I’m so tired of hearing this.
Why can’t I tell them about my mental illness?
Why can’t I admit that I am human and that I have messed up?
Why can’t I state that I have problems, just like everyone else does?
Why do I have to hide it? It’s a huge part of me. I wouldn’t be myself if I didn’t have mental illness.
I know there’s a stigma behind it, but I am so sick and tired of having to pretend that I am okay all of the time, that everything is perfect, and that I’m not struggling. Because I am. If we were more open about our problems and illnesses, the world would be more accepting of them. I don’t care if my employer knows about my struggles because honestly I wouldn’t be as strong as I am today if it wasn’t for the trials that I’ve been through.

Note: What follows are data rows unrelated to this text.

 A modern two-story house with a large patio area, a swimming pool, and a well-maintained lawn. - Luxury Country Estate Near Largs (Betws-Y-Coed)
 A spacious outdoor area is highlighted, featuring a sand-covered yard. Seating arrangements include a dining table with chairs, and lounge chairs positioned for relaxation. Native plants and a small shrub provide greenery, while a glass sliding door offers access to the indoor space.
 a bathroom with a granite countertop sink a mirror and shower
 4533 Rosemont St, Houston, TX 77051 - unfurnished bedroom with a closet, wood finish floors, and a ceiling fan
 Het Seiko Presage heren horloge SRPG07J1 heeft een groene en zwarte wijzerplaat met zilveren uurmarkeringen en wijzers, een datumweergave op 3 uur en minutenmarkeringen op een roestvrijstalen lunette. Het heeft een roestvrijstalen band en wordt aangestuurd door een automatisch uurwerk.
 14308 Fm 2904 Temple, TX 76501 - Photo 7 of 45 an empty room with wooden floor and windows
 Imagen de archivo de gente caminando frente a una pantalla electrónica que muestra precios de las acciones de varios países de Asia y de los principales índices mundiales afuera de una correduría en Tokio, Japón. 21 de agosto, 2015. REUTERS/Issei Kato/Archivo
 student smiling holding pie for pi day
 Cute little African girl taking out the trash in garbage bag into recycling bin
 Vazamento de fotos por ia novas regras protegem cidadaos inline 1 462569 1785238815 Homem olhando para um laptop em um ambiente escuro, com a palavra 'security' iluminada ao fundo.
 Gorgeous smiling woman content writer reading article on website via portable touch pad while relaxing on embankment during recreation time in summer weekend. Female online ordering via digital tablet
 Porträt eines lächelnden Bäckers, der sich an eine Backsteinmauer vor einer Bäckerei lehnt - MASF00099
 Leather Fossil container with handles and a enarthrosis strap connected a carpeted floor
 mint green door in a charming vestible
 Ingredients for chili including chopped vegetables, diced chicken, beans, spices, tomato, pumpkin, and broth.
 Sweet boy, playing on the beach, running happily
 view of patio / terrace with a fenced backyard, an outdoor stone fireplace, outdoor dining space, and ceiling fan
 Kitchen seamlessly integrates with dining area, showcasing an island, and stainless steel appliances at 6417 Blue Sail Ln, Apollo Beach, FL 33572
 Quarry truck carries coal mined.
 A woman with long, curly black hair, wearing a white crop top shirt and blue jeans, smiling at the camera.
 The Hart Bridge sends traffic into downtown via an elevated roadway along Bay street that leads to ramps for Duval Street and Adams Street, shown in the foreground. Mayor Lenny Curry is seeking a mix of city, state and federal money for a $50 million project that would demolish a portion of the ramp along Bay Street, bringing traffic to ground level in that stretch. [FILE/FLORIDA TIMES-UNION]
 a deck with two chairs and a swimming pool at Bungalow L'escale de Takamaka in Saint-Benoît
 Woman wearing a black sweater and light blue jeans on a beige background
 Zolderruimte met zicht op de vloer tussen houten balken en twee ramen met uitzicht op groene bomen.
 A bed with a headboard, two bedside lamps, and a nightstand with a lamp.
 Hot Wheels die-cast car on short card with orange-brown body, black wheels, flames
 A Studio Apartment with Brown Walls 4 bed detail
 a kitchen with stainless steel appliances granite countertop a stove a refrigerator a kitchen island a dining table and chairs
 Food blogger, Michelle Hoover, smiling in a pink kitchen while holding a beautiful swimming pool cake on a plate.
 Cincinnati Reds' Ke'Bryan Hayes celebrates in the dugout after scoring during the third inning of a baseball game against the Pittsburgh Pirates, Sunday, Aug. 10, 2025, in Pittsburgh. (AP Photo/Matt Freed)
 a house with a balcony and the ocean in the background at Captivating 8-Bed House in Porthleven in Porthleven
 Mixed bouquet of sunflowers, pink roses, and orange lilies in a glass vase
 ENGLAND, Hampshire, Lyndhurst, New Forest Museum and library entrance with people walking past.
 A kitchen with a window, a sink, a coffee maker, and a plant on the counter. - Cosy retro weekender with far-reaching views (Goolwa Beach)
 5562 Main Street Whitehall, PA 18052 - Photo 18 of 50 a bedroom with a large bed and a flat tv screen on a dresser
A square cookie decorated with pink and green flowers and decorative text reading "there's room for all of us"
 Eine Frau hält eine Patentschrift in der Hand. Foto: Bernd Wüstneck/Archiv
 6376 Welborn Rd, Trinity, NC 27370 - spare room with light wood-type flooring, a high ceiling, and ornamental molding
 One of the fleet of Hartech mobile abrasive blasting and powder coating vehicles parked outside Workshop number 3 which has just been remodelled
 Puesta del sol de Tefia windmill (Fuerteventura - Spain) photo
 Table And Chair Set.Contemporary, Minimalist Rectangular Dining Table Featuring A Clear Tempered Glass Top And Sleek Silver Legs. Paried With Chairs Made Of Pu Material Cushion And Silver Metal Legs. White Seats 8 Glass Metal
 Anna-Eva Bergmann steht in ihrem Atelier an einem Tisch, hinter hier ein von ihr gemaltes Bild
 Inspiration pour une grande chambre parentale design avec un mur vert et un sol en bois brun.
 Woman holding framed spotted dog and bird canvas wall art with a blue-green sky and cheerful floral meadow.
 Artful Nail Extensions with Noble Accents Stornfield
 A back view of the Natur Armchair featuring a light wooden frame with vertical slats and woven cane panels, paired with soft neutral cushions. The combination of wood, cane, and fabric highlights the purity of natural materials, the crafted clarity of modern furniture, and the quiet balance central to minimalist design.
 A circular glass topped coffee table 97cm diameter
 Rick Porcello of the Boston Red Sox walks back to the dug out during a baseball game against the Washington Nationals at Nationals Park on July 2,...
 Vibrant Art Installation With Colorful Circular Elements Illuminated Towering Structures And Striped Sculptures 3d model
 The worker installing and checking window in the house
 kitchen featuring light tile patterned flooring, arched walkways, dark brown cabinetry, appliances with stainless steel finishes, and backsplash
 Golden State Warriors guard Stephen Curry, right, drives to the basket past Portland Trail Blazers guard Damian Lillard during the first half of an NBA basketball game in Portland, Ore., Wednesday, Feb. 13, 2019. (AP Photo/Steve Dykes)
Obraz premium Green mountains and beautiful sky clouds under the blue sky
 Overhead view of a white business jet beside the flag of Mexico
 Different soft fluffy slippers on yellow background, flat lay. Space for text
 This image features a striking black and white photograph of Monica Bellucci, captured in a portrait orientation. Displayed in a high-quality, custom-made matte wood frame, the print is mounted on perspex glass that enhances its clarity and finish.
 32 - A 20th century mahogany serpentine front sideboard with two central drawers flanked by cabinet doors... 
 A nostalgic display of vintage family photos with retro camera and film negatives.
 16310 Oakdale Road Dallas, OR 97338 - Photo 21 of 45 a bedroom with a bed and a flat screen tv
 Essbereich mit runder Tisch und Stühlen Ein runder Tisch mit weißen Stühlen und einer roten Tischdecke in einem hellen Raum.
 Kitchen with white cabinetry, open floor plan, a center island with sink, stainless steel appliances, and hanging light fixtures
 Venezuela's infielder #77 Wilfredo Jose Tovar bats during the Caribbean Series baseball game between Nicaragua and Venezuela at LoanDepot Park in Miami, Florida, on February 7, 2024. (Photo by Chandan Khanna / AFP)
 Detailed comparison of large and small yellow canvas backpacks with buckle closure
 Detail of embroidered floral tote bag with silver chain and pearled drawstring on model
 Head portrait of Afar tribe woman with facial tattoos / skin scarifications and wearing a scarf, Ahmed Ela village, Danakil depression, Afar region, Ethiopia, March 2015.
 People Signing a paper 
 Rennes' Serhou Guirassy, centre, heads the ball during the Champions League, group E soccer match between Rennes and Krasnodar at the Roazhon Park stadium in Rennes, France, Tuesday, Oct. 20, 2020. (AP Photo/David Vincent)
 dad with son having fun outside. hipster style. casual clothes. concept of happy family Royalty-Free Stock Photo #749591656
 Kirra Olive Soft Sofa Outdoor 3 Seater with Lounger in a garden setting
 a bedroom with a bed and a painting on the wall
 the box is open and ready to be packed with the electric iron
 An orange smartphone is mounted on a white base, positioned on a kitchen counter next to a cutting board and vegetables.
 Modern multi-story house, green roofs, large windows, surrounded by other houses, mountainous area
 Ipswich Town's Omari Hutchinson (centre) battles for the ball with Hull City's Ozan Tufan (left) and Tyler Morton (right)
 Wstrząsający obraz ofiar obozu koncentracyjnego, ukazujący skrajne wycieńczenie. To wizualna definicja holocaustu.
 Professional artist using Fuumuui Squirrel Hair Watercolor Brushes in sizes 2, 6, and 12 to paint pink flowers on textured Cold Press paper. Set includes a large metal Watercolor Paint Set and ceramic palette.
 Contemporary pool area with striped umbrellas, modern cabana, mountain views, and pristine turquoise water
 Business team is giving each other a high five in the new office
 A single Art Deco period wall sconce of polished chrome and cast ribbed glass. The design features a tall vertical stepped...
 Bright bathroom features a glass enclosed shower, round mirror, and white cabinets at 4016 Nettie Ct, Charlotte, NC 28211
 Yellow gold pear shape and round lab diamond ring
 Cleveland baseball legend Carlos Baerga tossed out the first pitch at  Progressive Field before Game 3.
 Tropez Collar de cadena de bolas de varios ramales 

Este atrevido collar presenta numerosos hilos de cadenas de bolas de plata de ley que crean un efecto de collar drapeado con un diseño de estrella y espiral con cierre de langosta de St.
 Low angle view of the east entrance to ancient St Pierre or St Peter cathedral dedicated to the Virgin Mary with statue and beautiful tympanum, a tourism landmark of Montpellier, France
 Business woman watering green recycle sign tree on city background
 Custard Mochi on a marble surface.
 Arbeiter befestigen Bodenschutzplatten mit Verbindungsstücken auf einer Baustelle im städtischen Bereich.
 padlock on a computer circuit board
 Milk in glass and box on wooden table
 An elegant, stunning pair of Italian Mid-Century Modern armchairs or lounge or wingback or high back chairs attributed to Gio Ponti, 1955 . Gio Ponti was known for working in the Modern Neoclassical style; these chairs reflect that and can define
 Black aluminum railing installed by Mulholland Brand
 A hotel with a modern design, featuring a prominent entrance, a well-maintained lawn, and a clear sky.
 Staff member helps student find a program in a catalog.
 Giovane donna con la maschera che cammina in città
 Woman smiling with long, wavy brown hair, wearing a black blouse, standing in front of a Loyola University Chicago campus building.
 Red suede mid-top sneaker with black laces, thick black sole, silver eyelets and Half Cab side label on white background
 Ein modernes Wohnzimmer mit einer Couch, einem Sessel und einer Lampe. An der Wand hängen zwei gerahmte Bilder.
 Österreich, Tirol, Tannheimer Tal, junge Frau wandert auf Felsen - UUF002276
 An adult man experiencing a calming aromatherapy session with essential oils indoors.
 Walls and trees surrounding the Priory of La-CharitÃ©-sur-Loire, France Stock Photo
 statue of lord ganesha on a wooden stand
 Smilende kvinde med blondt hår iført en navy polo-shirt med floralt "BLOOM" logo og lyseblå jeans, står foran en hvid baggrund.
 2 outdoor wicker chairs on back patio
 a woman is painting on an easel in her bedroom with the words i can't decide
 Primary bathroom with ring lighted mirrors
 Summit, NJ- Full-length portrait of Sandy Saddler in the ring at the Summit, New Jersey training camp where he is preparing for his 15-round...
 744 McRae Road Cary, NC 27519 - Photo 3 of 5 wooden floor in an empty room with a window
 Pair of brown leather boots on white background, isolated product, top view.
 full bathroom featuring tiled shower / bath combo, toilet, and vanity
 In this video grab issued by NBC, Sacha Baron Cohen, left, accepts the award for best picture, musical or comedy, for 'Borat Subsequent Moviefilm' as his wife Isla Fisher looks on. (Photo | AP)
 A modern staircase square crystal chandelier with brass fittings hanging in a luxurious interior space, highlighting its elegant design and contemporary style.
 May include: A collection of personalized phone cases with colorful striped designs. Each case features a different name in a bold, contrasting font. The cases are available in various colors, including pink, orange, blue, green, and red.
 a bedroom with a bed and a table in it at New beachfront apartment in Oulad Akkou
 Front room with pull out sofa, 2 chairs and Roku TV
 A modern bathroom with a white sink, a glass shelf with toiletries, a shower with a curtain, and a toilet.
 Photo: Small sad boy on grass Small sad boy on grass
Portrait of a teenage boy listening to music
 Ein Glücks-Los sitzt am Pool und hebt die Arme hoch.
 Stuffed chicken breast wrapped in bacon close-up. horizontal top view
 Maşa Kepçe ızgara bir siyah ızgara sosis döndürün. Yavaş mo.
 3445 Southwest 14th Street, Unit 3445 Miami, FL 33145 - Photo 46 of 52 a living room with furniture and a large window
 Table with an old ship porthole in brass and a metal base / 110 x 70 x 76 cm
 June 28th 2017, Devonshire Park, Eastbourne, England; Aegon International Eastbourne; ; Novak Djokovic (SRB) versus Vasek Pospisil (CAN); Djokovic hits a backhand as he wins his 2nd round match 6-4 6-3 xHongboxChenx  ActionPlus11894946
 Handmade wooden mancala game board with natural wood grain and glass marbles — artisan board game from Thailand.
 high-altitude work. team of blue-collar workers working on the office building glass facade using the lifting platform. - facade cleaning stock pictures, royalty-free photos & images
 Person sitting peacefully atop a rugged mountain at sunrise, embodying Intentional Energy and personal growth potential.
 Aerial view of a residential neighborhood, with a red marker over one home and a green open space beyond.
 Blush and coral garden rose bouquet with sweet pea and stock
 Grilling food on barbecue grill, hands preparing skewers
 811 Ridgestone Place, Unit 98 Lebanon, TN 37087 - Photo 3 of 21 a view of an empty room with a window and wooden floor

I am not my illness; I repeat, I am not my illness.
I am Lindsey, a beautiful young woman with so much potential and drive who is eager to take on any challenge given.
I have failed, been kicked down, messed up and given up on myself at times, but I’m back and I’m stronger than ever, nothing can stand in my way anymore. I’m taking every punch life throws at me and then asking for more.
Why, you may ask?
Because I’m tired of living each day depressed and anxious. I’m tired of being written off as a failure, as being hopeless, as someone who won’t become anything in life.
I’ve got this, you’ve got this, we have got this.
I have faith in myself and I have faith in you. Go out there and show everybody that mental illness doesn’t define you, let’s prove them all wrong.